Cell-based biosensors measure changes in cell cultures via electrical signals. This is done using electrodes which are mounted inside the Petri dish or the wells of a 'well plate'. If added viruses destroy a continuous cell layer on the electrodes, for example, the electrical resistance measured between the electrodes is reduced. In this way, the effect of vaccines or drugs (for example) can be tested: the more effective the active ingredient is, the smaller the number of cells that are destroyed by the viruses and the lower the measured resistance change will be. Also toxicity tests, such as on cosmetic products, can function according to the same principle and may replace animal experiments in the future. Another advantage is that if biosensors are linked to an evaluation unit, measurements can be continuous and automated.

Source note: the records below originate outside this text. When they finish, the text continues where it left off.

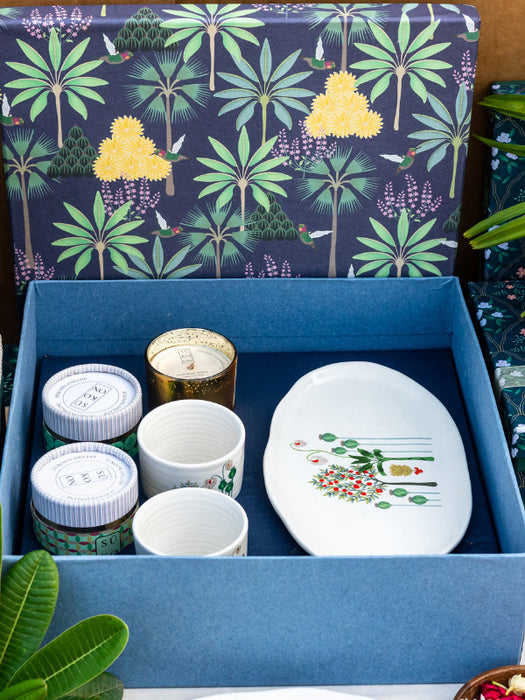 Firdaus Gift Box & Diwali Gifts Set | Cups & Platter, Green Tea | Scented Candle for Home Decor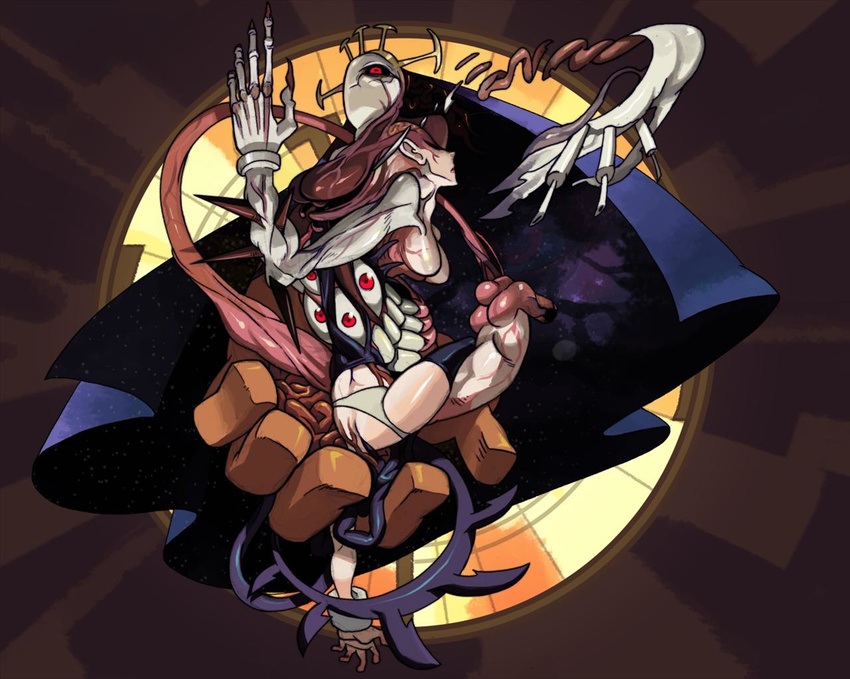 brain breasts double_(skullgirls) duplicate eyes lab_zero_games medium_breasts no_humans official_art organs painwheel_(skullgirls) panties skullgirls solo syringe teeth thighhighs underwear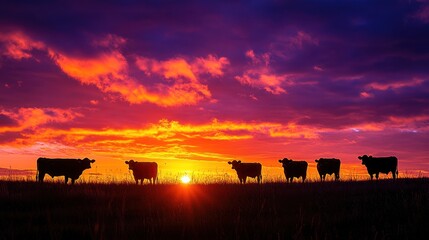 A dramatic sunset over a cow farm, with silhouettes of grazing cows against a fiery orange and purple sky, creating a serene countryside scene.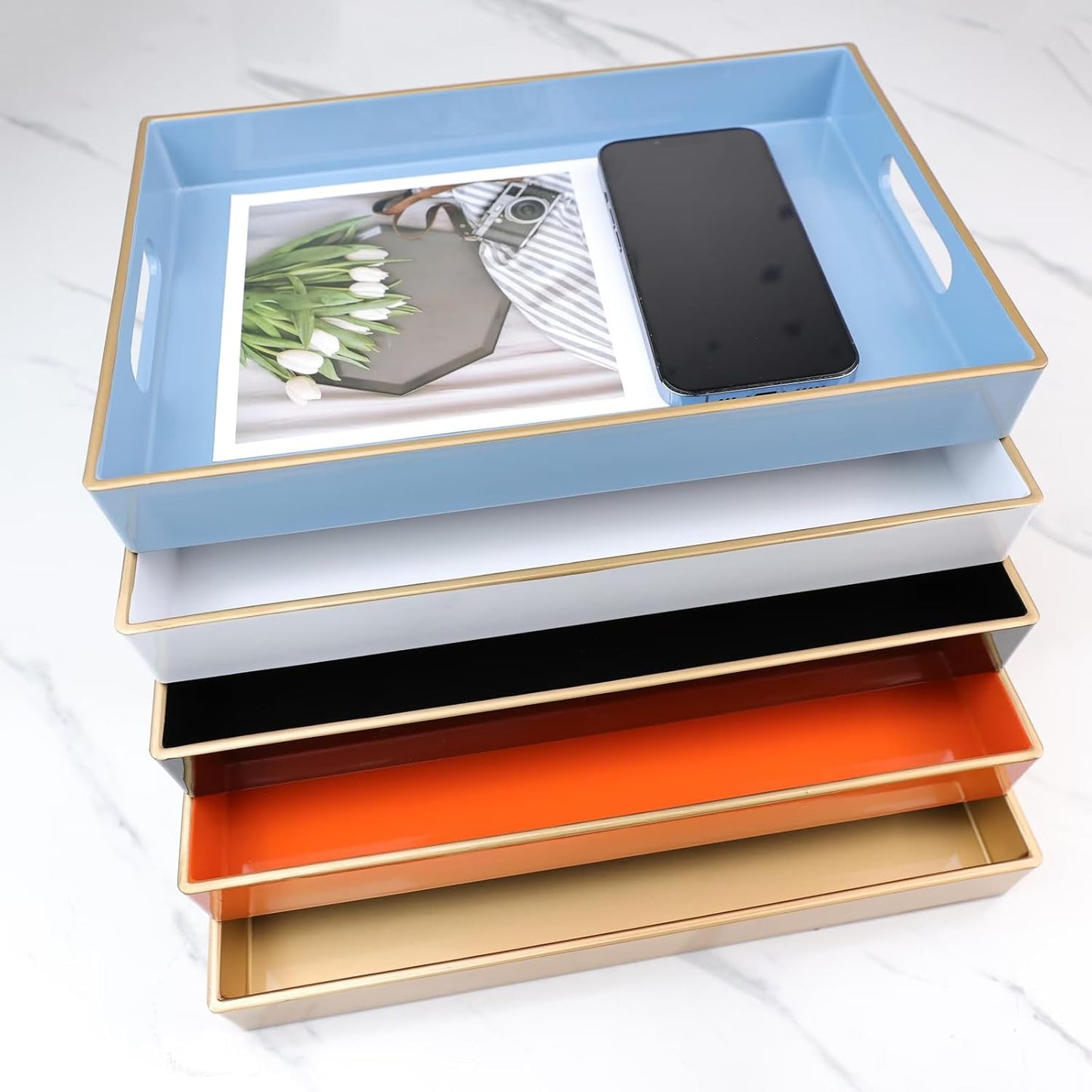 Spsyrine Black Bathroom Vanity Tray with Handles for Dresser Tops, Countertop, Perfume Decorative Tray, 11.8” * 7.87” *1.37”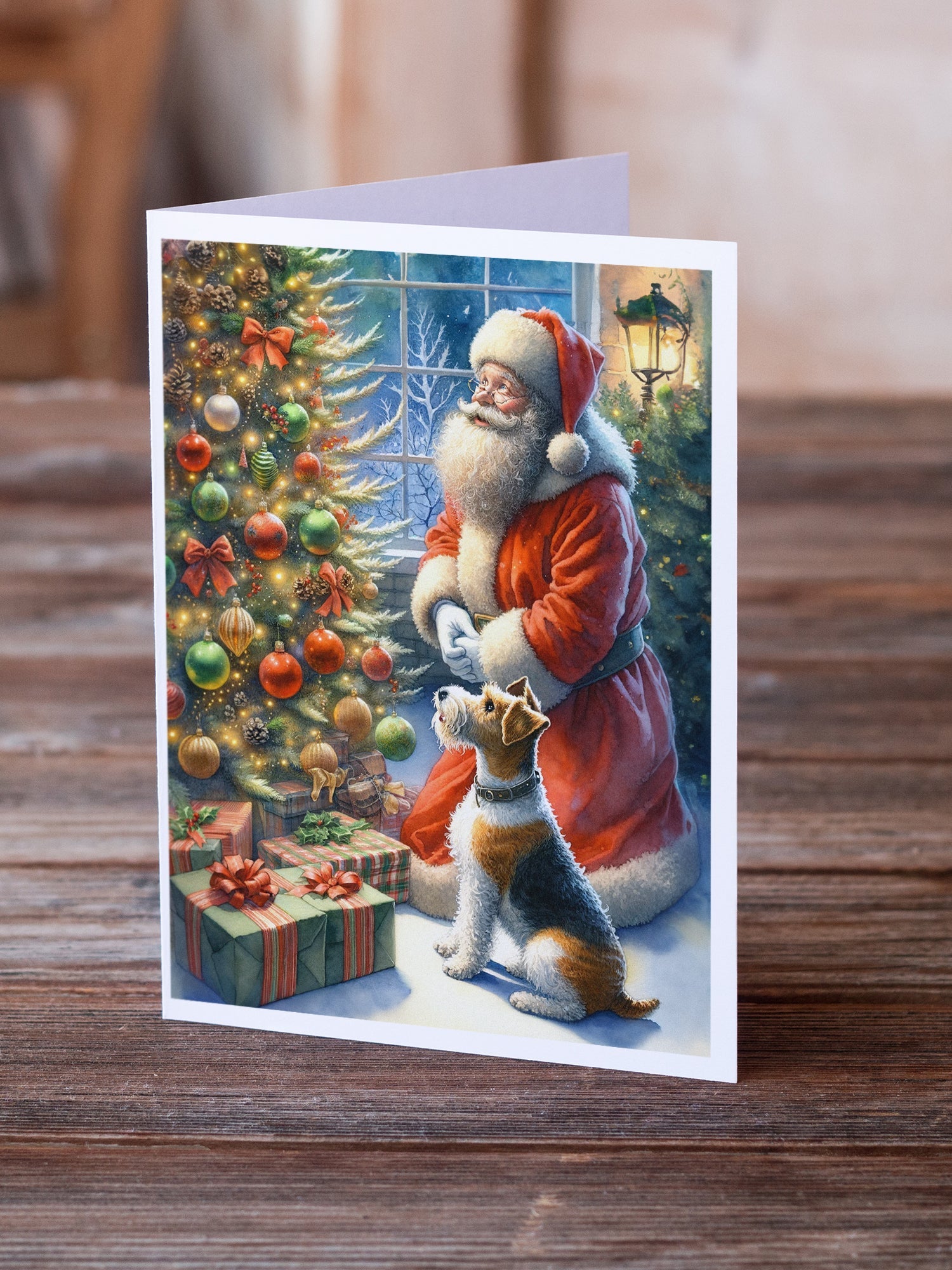 Fox Terrier and Santa Claus Greeting Cards Pack of 8 Blank Cards with Envelopes Whimsical A7 Size 5x7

The team at the Fraunhofer Institute for Biomedical Engineering IBMT has made use of such a graphene ink. Together with industry partners in the M-era.Net project BIOGRAPHY, which is funded by the German Federal Ministry of Education and Research (BMBF), the researchers have developed a printing process which makes it possible to produce large numbers of graphene biosensors in a cost-effective roll-to-roll process. "Our system prototype can print about 400 biosensors per minute on a continuous foil," says Dr. Thomas Velten, Head of the Biomedical Microsystems Department at IBMT and Project Manager of BIOGRAPHY.
While the printing equipment and graphene ink are provided by the partners involved, the scientists at the IBMT have taken care of the design of the printing process. "In particular, it is crucial to adjust parameters such as the ink viscosity, printing speed, doctor blade pressure a doctor blade wipes off excess ink and well depth of the printing cylinder so that the printed structures correspond to the nominal dimensions," explains Velten.
An interdisciplinary team of biologists and engineers from the IBMT has also developed a protein ink, which is printed directly onto the electrodes after the graphene. Velten: "It's only thanks to the proteins that the cells adhere well enough to the electrode foil". The surface energies of the foil and ink have to be adapted to one another in such a way that the transfer of the ink from the printing cylinder to the foil takes place optimally. Particularly critical is the drying of the printed structures, since the proteins do not tolerate solvents or high temperatures. Only the right mix of ink ingredients and drying method ensures that the ink will dry quickly enough.